Task directions: Restate the listing below line for line and word for word, without the pictures.
________________________
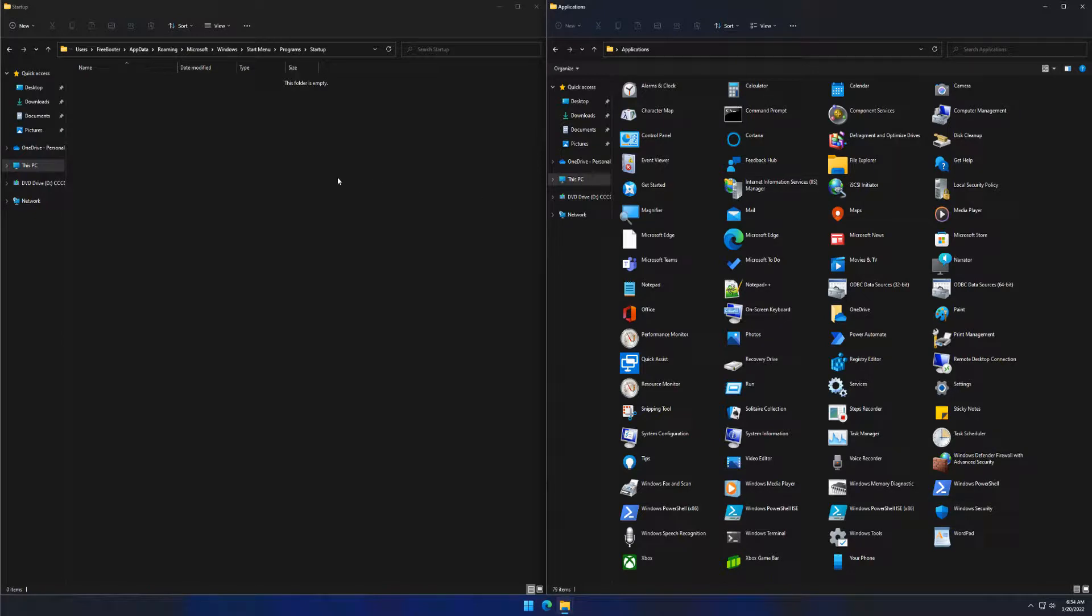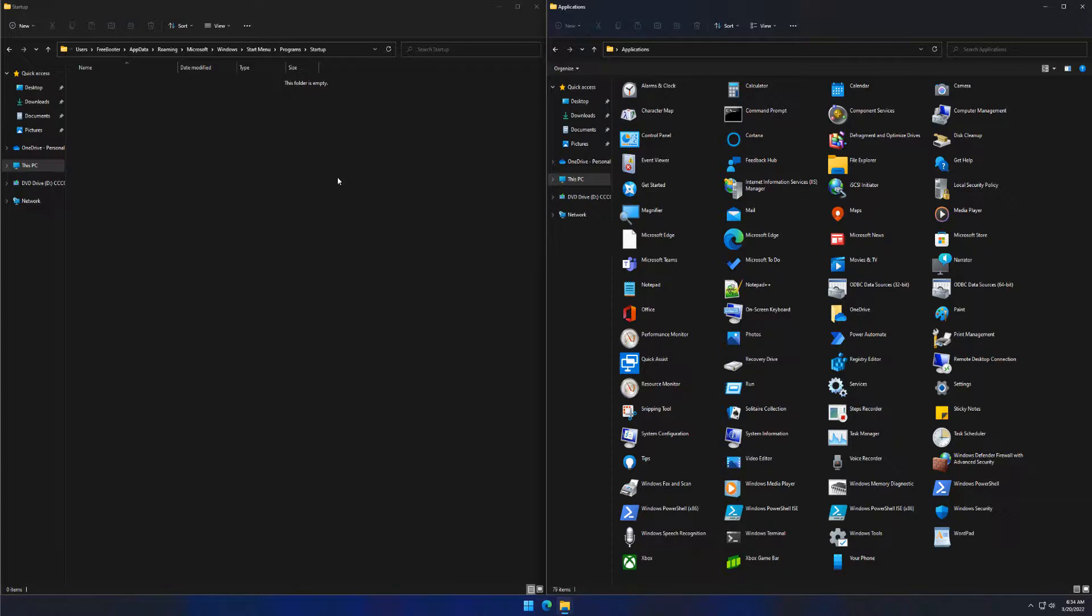Drag and drop apps from your application folder you want to run at Startup into the Startup folder. This will create a shortcut of the app in your Startup folder.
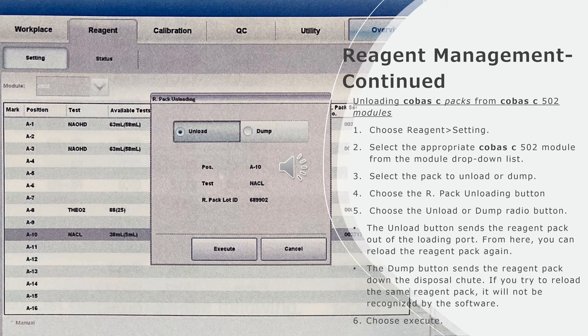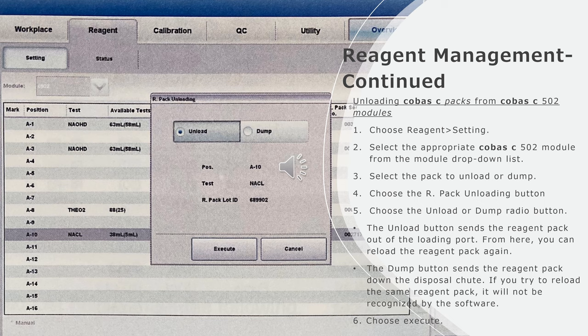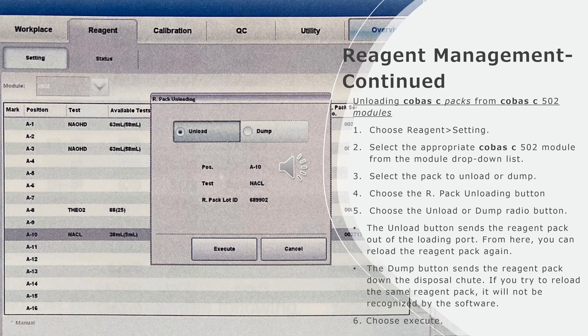Unloading Cobas C packs from Cobas C502 modules: Choose reagent, setting, select the appropriate Cobas C502 module from the module drop-down list. Select the pack to unload or dump. Choose the R pack unloading button. Choose the unload or dump radio button.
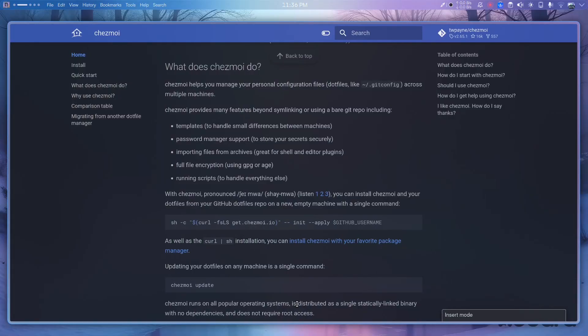Today I'm going to use chezmoi to manage my dot files. There is another project called GNU Stow which does a similar thing, but the initial setup of the dot files repo with chezmoi is much more simple.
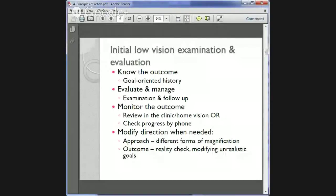In your initial low vision examination and evaluation, we need to do a few things. We need to know the outcome, so we take a goal-orientated history of the patient to find out what she wants to do. We then evaluate and manage Mrs. Scope, which includes examining her and doing some follow-up. We need to monitor the outcome, which can happen in the clinic, on a home visit, or even by phone.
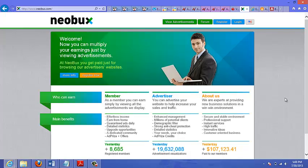You can get started for as low as $10 advertising on this network. And the traffic is almost instantaneous as soon as your payment clears. It generally takes about 24 hours to clear. And after that, you get the traffic right away.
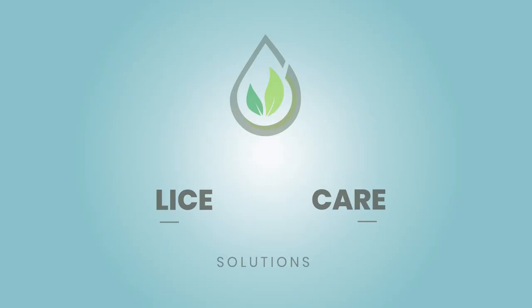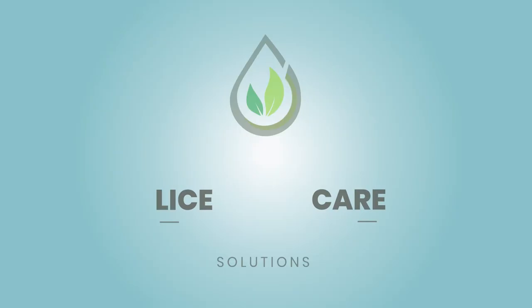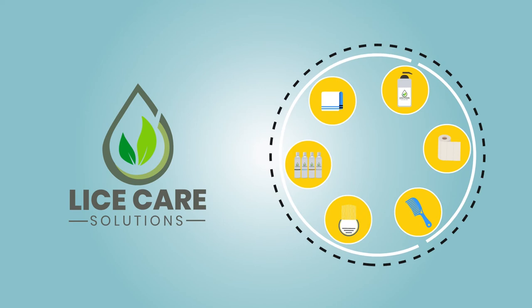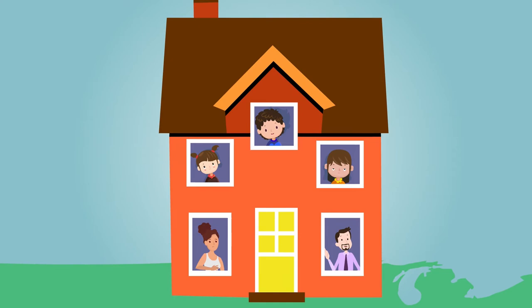At Lice Care Solutions, we provide an all-natural, in-home head lice removal service in Jacksonville that includes treatment for everyone in your home. We review how to delouse your home and teach you long-term head lice prevention techniques that actually work.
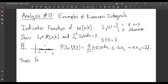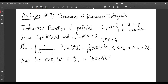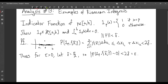Thus, for epsilon greater than 0, let delta equal epsilon over 2. Then the Riemann sum of 1P minus the value of our integral — which we're claiming is 0 — is going to be less than 2 delta, which equals epsilon. And so that proves that the integral is 0.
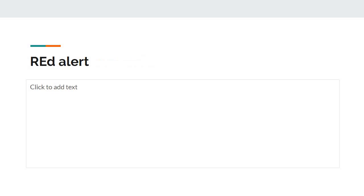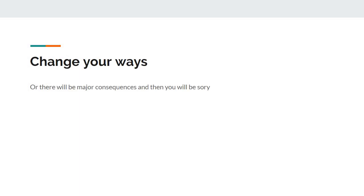Ooh, red alert! Dumb idiot alert! Oops, oh, it's going off! Woo-woo! Change your ways, or there will be major consequences, and then you will be sorry.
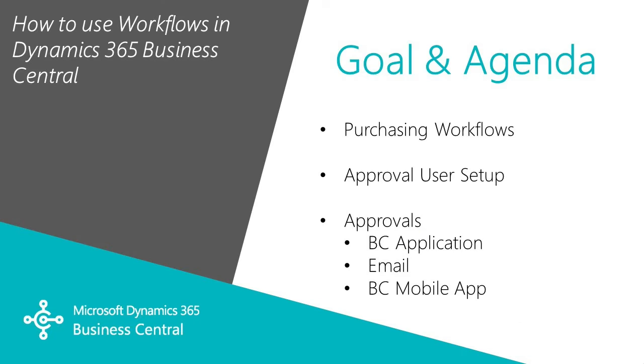I want to show you how easy it is to use workflows in Dynamics 365 Business Central. We're going to take a look at setting up a workflow for purchase orders and also the approval process for that. Then I'm going to walk you through the purchase order through the approval process. So let's take a look at it.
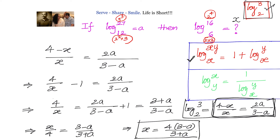Then, taking log 16 to base 6 as x, we found log 3 to base 2 in terms of x equals 4 minus x by x. Equating both gives x equals 4 times 3 minus a by 3 plus a. To identify the common logarithm, do prime factorization and look for the smallest prime factors. Here 27 = 3³, 12 = 2² × 3, 16 = 2⁴, 6 = 2 × 3 — all reduce to primes 2 and 3, so we use log 3 to base 2 as the common logarithm.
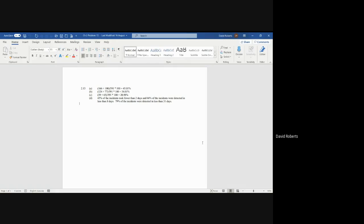Now in question C, what percentage of organizations took 31 or more days to do this? You can add up the 59 and the 65, which represent 31 to 90 and more than 90, and you wind up with a percentage of 20.98%.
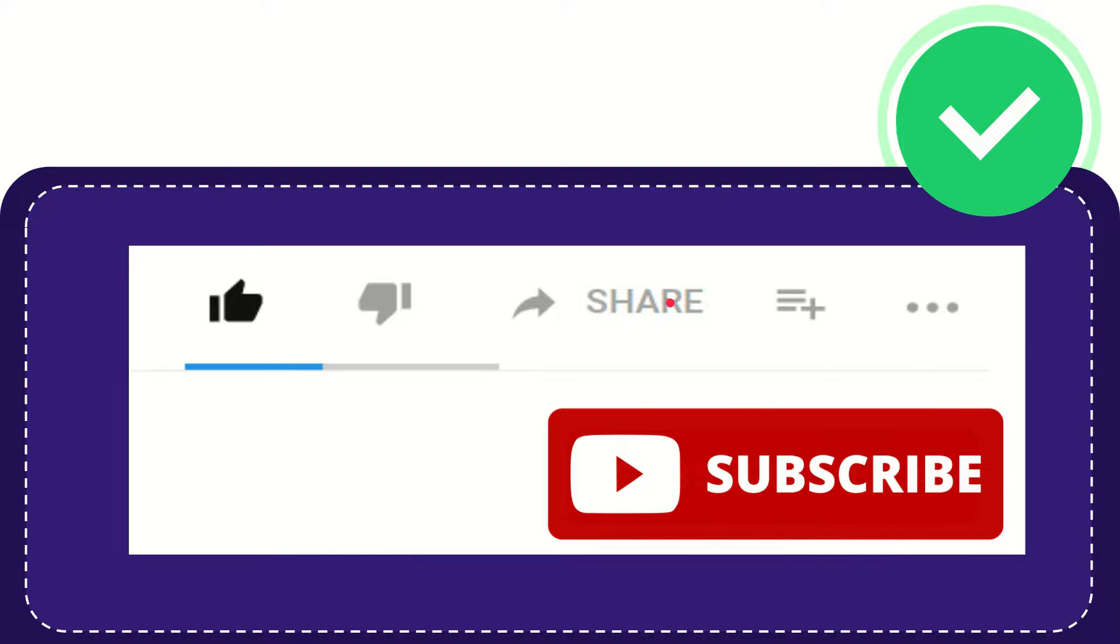I think that's all of it. Thank you so much for watching this video and see you again in another video. Bye-bye, see you again.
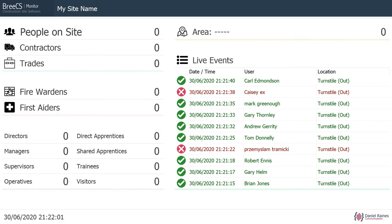Hi guys, so this is a quick demonstration of Bresius Monitor. This is included, or will be included, in version 4.7 which was due to be released Monday gone, but unfortunately I ran into a few issues, a few bugs that I had to sort, which is now sorted.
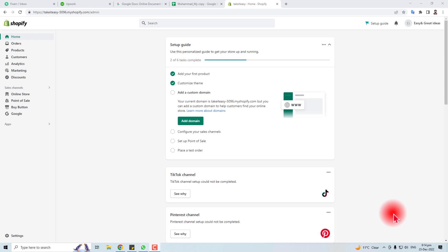Hi, in this tutorial I'm going to teach you how to provide social login in your Shopify store. Social login means that your customers can use their social media to log in to your Shopify store. Let's come to the admin screen.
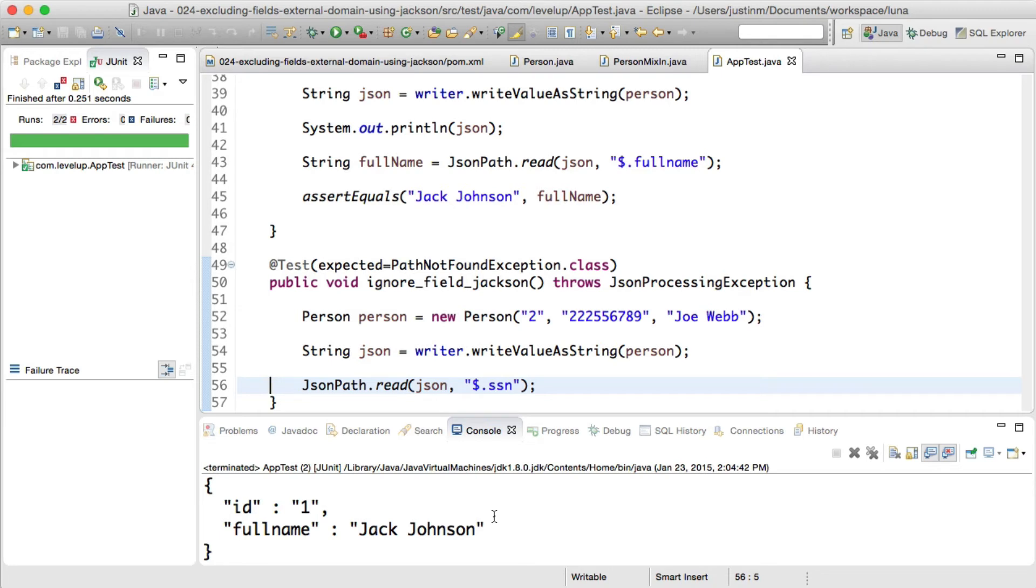As you can see, using Jackson Mixin provides a powerful way to decouple lower-level code from consumers, providing a JSON view representation of objects. Thanks for joining in today's Level Up. Have a great day.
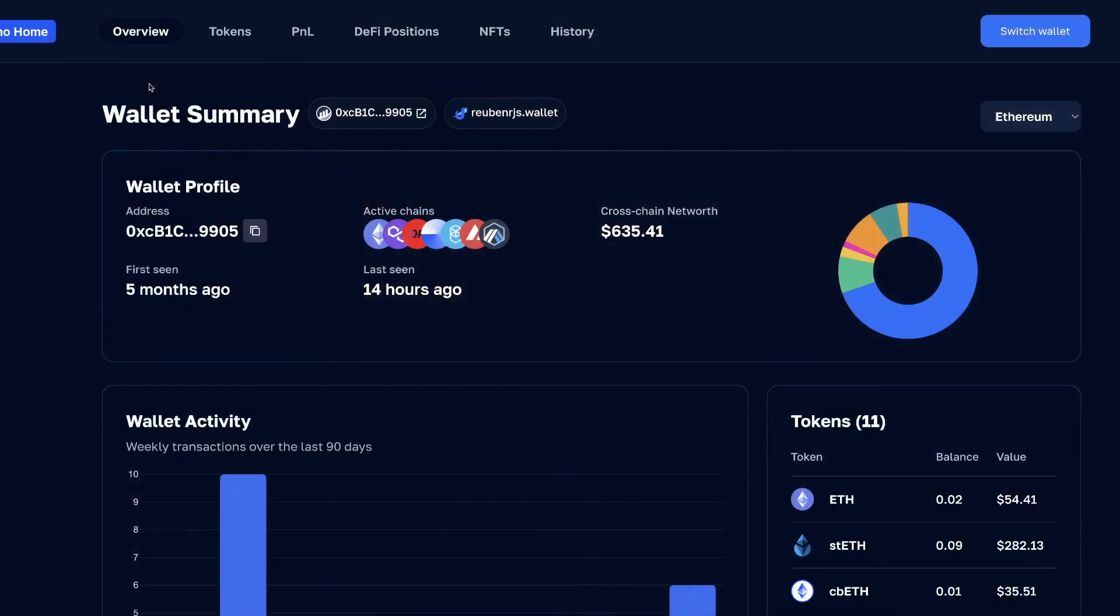Oh yes guys, welcome back to another tutorial. In this video I'll show you how to build a website like this, which is kind of like D-Bank or Zerian or Zaprify, where given an address you can show all kinds of information about that address.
________________________
Reply to the task:
Drag and drop apps from your application folder you want to run at Startup into the Startup folder. This will create a shortcut of the app in your Startup folder.
Unloading Cobas C packs from Cobas C502 modules: Choose reagent, setting, select the appropriate Cobas C502 module from the module drop-down list. Select the pack to unload or dump. Choose the R pack unloading button. Choose the unload or dump radio button.
Today I'm going to use chezmoi to manage my dot files. There is another project called GNU Stow which does a similar thing, but the initial setup of the dot files repo with chezmoi is much more simple.
In your initial low vision examination and evaluation, we need to do a few things. We need to know the outcome, so we take a goal-orientated history of the patient to find out what she wants to do. We then evaluate and manage Mrs. Scope, which includes examining her and doing some follow-up. We need to monitor the outcome, which can happen in the clinic, on a home visit, or even by phone.
You can get started for as low as $10 advertising on this network. And the traffic is almost instantaneous as soon as your payment clears. It generally takes about 24 hours to clear. And after that, you get the traffic right away.
At Lice Care Solutions, we provide an all-natural, in-home head lice removal service in Jacksonville that includes treatment for everyone in your home. We review how to delouse your home and teach you long-term head lice prevention techniques that actually work.
Thus, for epsilon greater than 0, let delta equal epsilon over 2. Then the Riemann sum of 1P minus the value of our integral — which we're claiming is 0 — is going to be less than 2 delta, which equals epsilon. And so that proves that the integral is 0.
Ooh, red alert! Dumb idiot alert! Oops, oh, it's going off! Woo-woo! Change your ways, or there will be major consequences, and then you will be sorry.
I want to show you how easy it is to use workflows in Dynamics 365 Business Central. We're going to take a look at setting up a workflow for purchase orders and also the approval process for that. Then I'm going to walk you through the purchase order through the approval process. So let's take a look at it.
Then, taking log 16 to base 6 as x, we found log 3 to base 2 in terms of x equals 4 minus x by x. Equating both gives x equals 4 times 3 minus a by 3 plus a. To identify the common logarithm, do prime factorization and look for the smallest prime factors. Here 27 = 3³, 12 = 2² × 3, 16 = 2⁴, 6 = 2 × 3 — all reduce to primes 2 and 3, so we use log 3 to base 2 as the common logarithm.
Now in question C, what percentage of organizations took 31 or more days to do this? You can add up the 59 and the 65, which represent 31 to 90 and more than 90, and you wind up with a percentage of 20.98%.
I think that's all of it. Thank you so much for watching this video and see you again in another video. Bye-bye, see you again.
Hi guys, so this is a quick demonstration of Bresius Monitor. This is included, or will be included, in version 4.7 which was due to be released Monday gone, but unfortunately I ran into a few issues, a few bugs that I had to sort, which is now sorted.
Hi, in this tutorial I'm going to teach you how to provide social login in your Shopify store. Social login means that your customers can use their social media to log in to your Shopify store. Let's come to the admin screen.
As you can see, using Jackson Mixin provides a powerful way to decouple lower-level code from consumers, providing a JSON view representation of objects. Thanks for joining in today's Level Up. Have a great day.
Oh yes guys, welcome back to another tutorial. In this video I'll show you how to build a website like this, which is kind of like D-Bank or Zerian or Zaprify, where given an address you can show all kinds of information about that address.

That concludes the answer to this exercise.